Kino

Nach Aus in China: Tarantino will nicht noch einmal Hand an "Once Upon a Time..." anlegen

Am vergangenen Freitag hatten chinesische Behörden den ursprünglich für 25. Oktober genehmigten Start von "Once Upon a Time in...Hollywood" ohne Angabe von Gründen abgesagt. Regisseur Quentin Tarantino wird aber nicht Kleinbei geben und lehnt es ab, mit dem Film noch einmal in den Schneideraum zu gehen.

21.10.2019 14:30 • von Jochen Müller
Es wird wohl bei dem Aus für "Once Upon a Time in...Hollywood" in China bleiben (Bild: Sony Pictures)
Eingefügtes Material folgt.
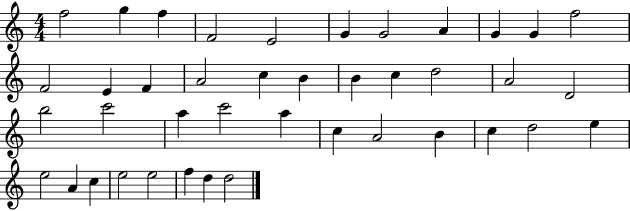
X:1
T:Untitled
M:4/4
L:1/4
K:C
f2 g f F2 E2 G G2 A G G f2 F2 E F A2 c B B c d2 A2 D2 b2 c'2 a c'2 a c A2 B c d2 e e2 A c e2 e2 f d d2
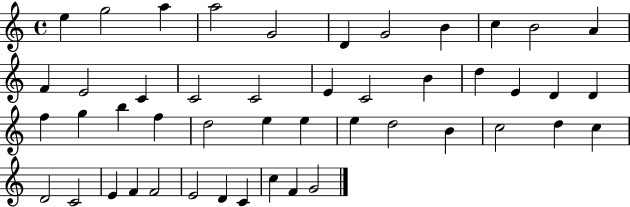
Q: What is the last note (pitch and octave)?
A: G4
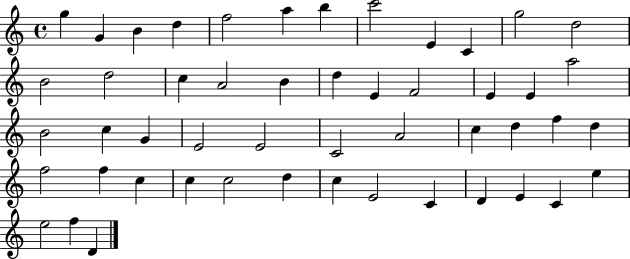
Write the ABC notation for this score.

X:1
T:Untitled
M:4/4
L:1/4
K:C
g G B d f2 a b c'2 E C g2 d2 B2 d2 c A2 B d E F2 E E a2 B2 c G E2 E2 C2 A2 c d f d f2 f c c c2 d c E2 C D E C e e2 f D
Nachdem Regisseur Quentin Tarantino deutlich gemacht hat, mit "Once Upon a Time in Hollywood" nicht noch einmal in den Schneideraum gehen zu müssen, wird der Film nun endgültig nicht in China zu sehen sein. Das berichten US-Branchenblätter. Chinesische Behörden hatten die für einen Start des Films am 25. Oktober erteilte Genehmigung am vergangenen Freitag ohne Angaben von Gründen zurückgezogen (wir berichteten).
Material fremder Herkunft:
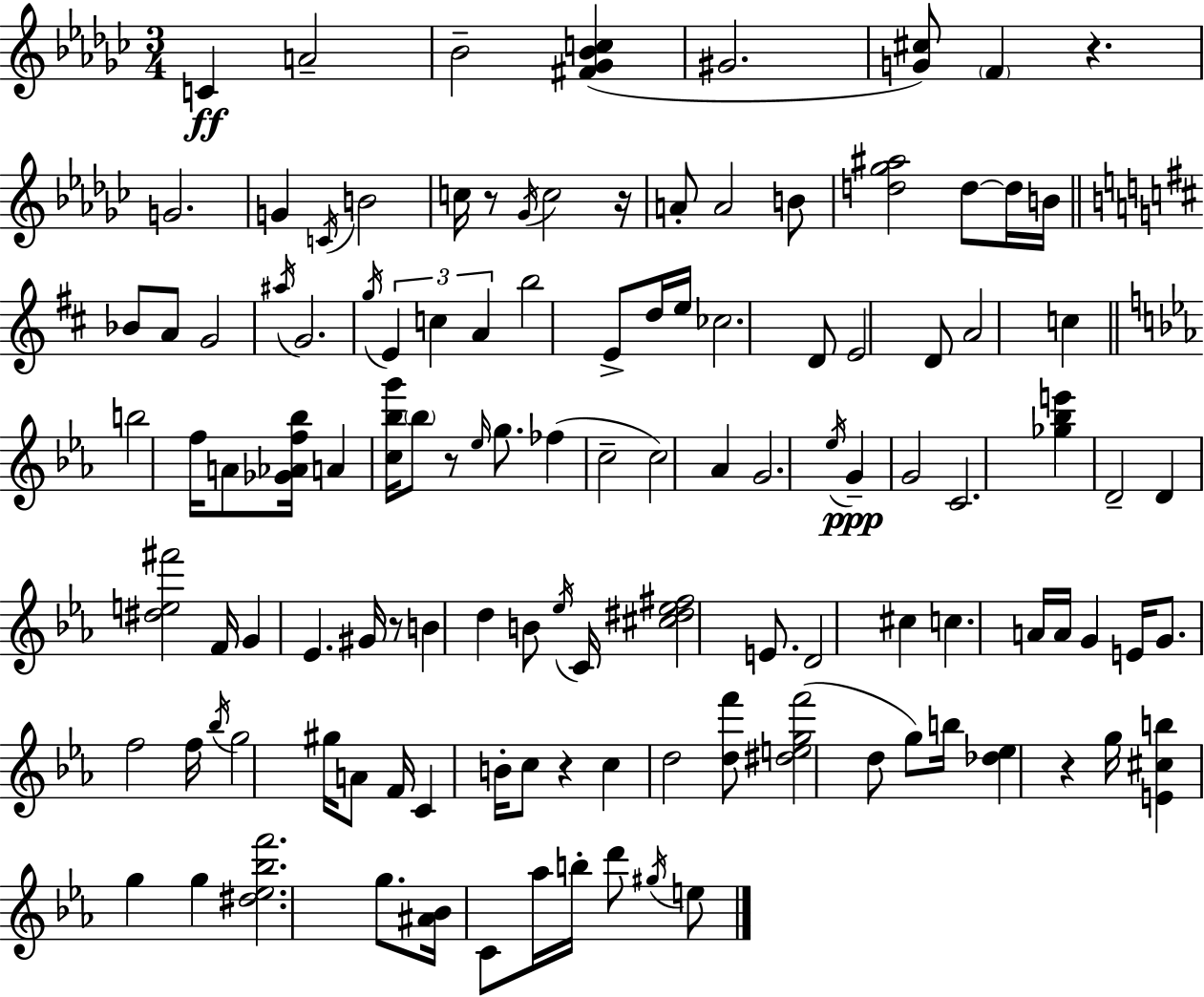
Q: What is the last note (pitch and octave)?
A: E5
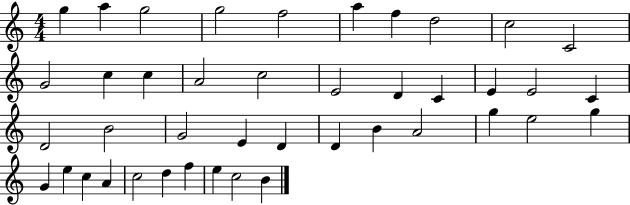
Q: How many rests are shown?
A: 0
Es wird jedoch gemutmaßt, dass die Darstellung von Bruce Lee in dem Film den Ausschlag zu der Entscheidung der Behörden gegeben haben könnte. Freunde und Familie der 1973 verstorbenen Martial-Arts-Ikone hatten Tarantino für dessen Darstellung in dem Film kritisiert; Lees Tochter Shannon hatte sogar bei der nationalen chinesischen Filmbehörde darauf hingewirkt, auf eine Änderung der Darstellung ihres Vaters in dem Film, bei dem die chinesische Bona Film Group als Finanzier mit Umsatzbeteiligung an Bord ist, zu drängen.

In einer Pressekonferenz hatte Tarantino seinerzeit die Darstellung Lees in "Once Upon a Time im...Hollywood" verteidigt: "Bruce Lee war ein sehr arroganter Bursche. Bei der Art und Weise, wie er gesprochen hat, habe ich nicht viel dazu erfunden."